James Lee

Posted on May 17

Ansible Deep Dive: Architecture, Playbooks, API, Execution Internals & Performance Tuning

#architecture #automation #devops #performance

1. Ansible Architecture

┌─────────────────────────────────────────────────────────────┐
│                      Ansible Core                           │
│                                                             │
│  ┌──────────────┐  ┌──────────────┐  ┌──────────────────┐  │
│  │ Core Modules │  │Custom Modules│  │    Plugins        │  │
│  │ (built-in)   │  │ (extensions) │  │ (supplementary)   │  │
│  └──────────────┘  └──────────────┘  └──────────────────┘  │
│                                                             │
│  ┌──────────────────────┐   ┌──────────────────────────┐   │
│  │  Playbooks           │   │  Connection Plugins       │   │
│  │  (task config files) │   │  (SSH / local / ZeroMQ)   │   │
│  └──────────────────────┘   └──────────────────────────┘   │
│                                                             │
│  ┌──────────────────────────────────────────────────────┐   │
│  │  Host Inventory  (static /etc/ansible/hosts          │   │
│  │                  or dynamic via CMDB/Zabbix/Cloud)   │   │
│  └──────────────────────────────────────────────────────┘   │
└─────────────────────────────────────────────────────────────┘
                        │ SSH (default)
            ┌───────────┼───────────┐
            ▼           ▼           ▼
        [Host A]    [Host B]    [Host C]

Key components:

Core Modules — built-in modules shipped with Ansible
Custom Modules — extend functionality when built-ins are insufficient
Plugins — supplement module behavior
Playbooks — YAML task configuration files; define multi-step automation
Connection Plugins — support SSH (default), local, and ZeroMQ connections
Host Inventory — defines managed hosts; supports both static files and dynamic sources

Three Execution Modes

Mode	Description
ad-hoc	Single module, single command executed across a host group
Playbook	Multiple tasks combined into a structured YAML file
API	Programmatic invocation via Python

Static vs Dynamic Inventory

Static Inventory — hosts defined in /etc/ansible/hosts
Dynamic Inventory — external scripts query CMDB, Zabbix, Cobbler, or cloud platforms and return host lists in Ansible's expected format; ideal for environments where hosts change frequently

2. Playbook Structure

A playbook is a list of one or more plays. Each play maps a group of hosts to a set of tasks. Tasks are the smallest execution unit — each task calls one Ansible module.

Four Core Sections

Playbook
├── Target section    — which hosts to run on
├── Variable section  — variables used during execution
├── Task section      — ordered list of tasks to execute
└── Handler section   — tasks triggered by change events

Directory Layout

my_role/
├── vars/        # variable definitions
├── tasks/       # task definitions
├── handlers/    # event-triggered tasks
├── files/       # static files to transfer
└── templates/   # Jinja2 templates

Hosts and Users

- hosts: webnodes
  tasks:
    - name: test ping connection
      remote_user: test
      sudo: yes

remote_user can be set globally per play or overridden per task. sudo / sudo_user allow privilege escalation.

Task List and Actions

Tasks execute sequentially across all hosts — all hosts complete task 1 before task 2 begins. If an error occurs mid-run, all completed tasks roll back.

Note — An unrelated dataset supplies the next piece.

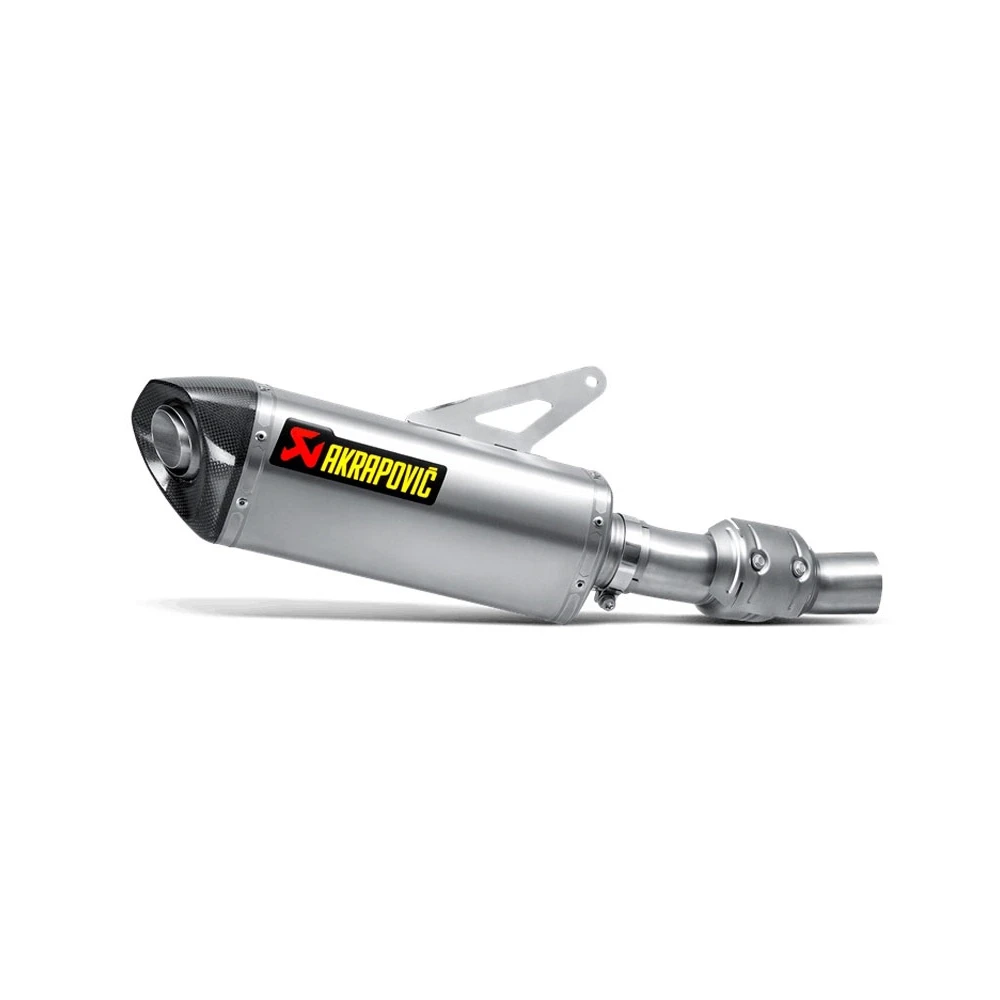 Auspuff AKRAPOVIC SLIP-ON in TITAN mit CARBON-ENDCAP zu Ducati (CH Homolog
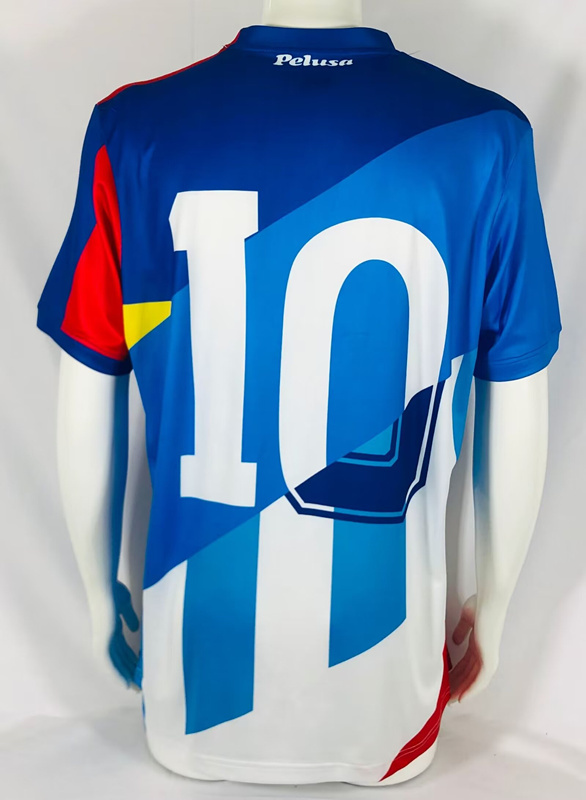 Retro Version Maradona Napoli Blue&White Thailand Soccer Jersey AAA-503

Tasks are idempotent — safe to run multiple times with consistent results.

tasks:
  - name: make sure apache is running
    service: name=httpd state=running

For command and shell modules, handle non-zero exit codes explicitly:

tasks:
  - name: run this command and ignore the result
    shell: /usr/bin/somecommand || /bin/true

  # or use ignore_errors
  - name: run this command and ignore the result
    shell: /usr/bin/somecommand
    ignore_errors: True

Handlers

Handlers are triggered by notify — they run once at the end of the play, even if notified multiple times:

- name: template configuration file
  template: src=template.j2 dest=/etc/foo.conf
  notify:
    - restart memcached
    - restart apache

handlers:
  - name: restart memcached
    service: name=memcached state=restarted
  - name: restart apache
    service: name=apache state=restarted

⚠️ The notify name must exactly match the handler's name field, or the trigger won't fire.

Async Execution & Polling

Ansible defaults to 5 concurrent processes. For large fleets or long-running tasks, use async + poll:

- hosts: all
  tasks:
    - name: Install mlocate
      yum: name=mlocate state=installed

    - name: Run updatedb
      command: /usr/bin/updatedb
      async: 300    # max wait time (seconds)
      poll: 10      # check interval (seconds)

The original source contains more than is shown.